GOAL OF THE EXERCISE:
Leaving the pictures aside, repeat each line below exactly.

SOURCE DATA:
_ _ _ _ _ _ _
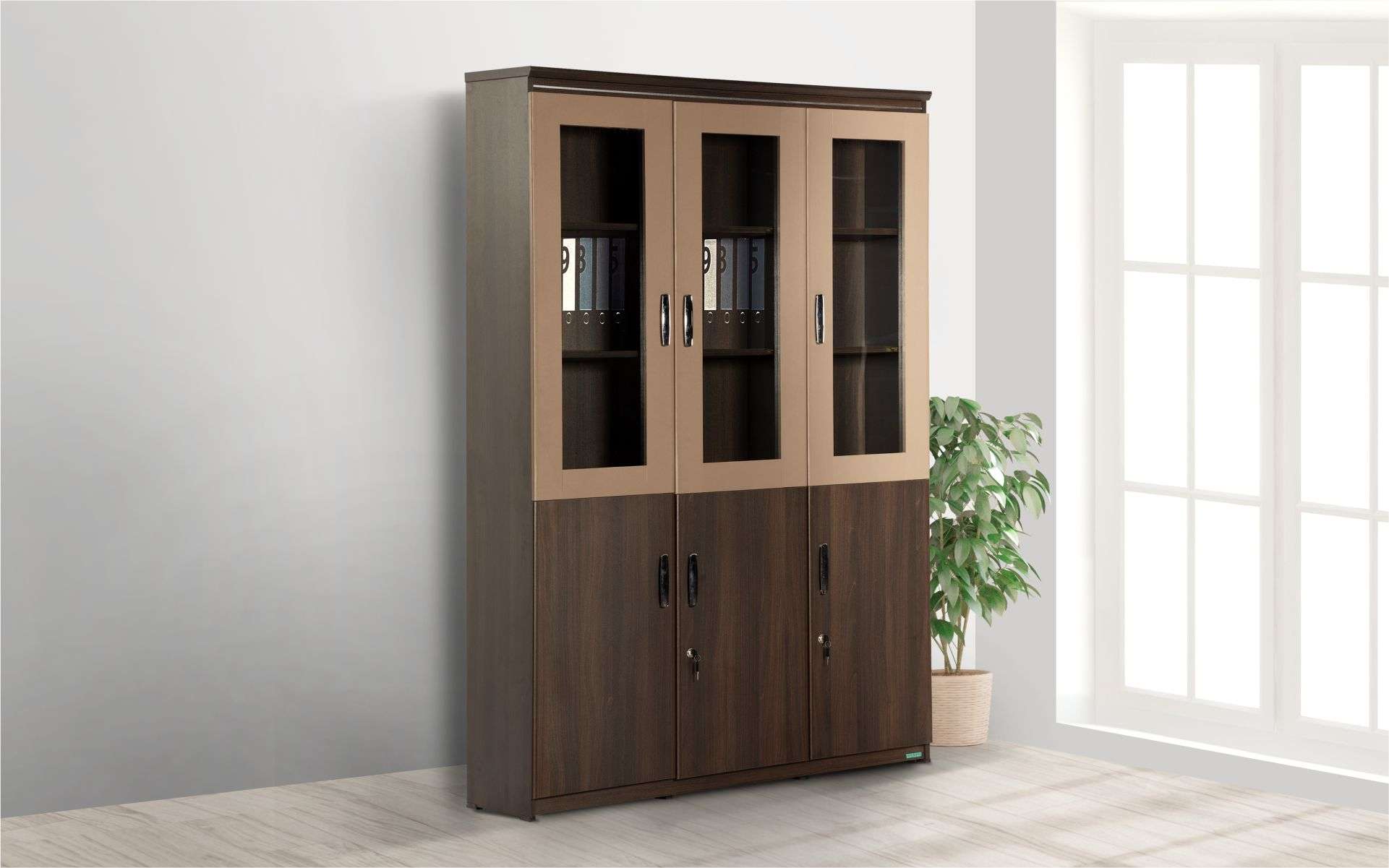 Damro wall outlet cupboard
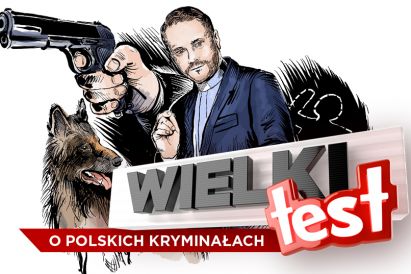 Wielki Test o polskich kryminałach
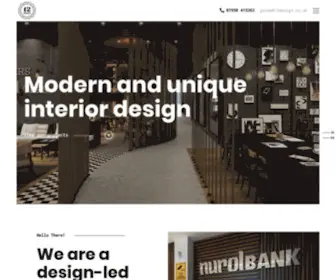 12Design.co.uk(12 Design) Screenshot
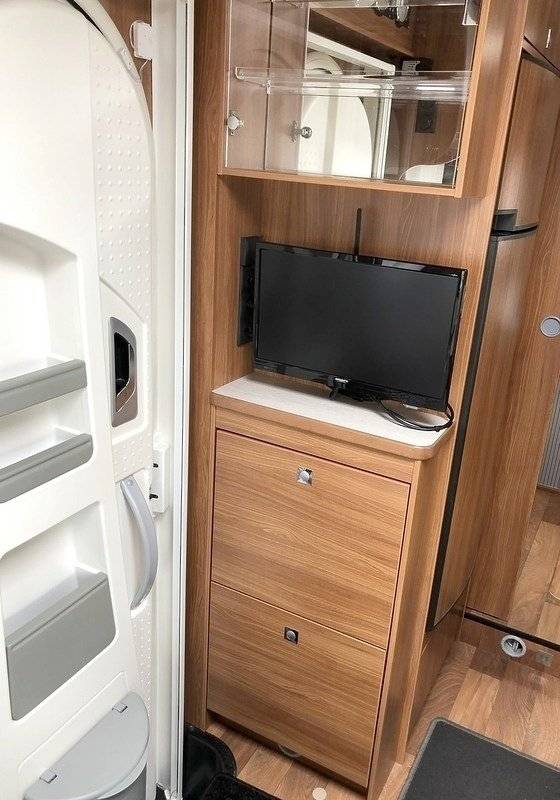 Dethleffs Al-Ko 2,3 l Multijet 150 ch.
_ _ _ _ _ _ _
SOLUTION TO THIS EXERCISE:
 Damro wall outlet cupboard
 Wielki Test o polskich kryminałach
 12Design.co.uk(12 Design) Screenshot
 Dethleffs Al-Ko 2,3 l Multijet 150 ch.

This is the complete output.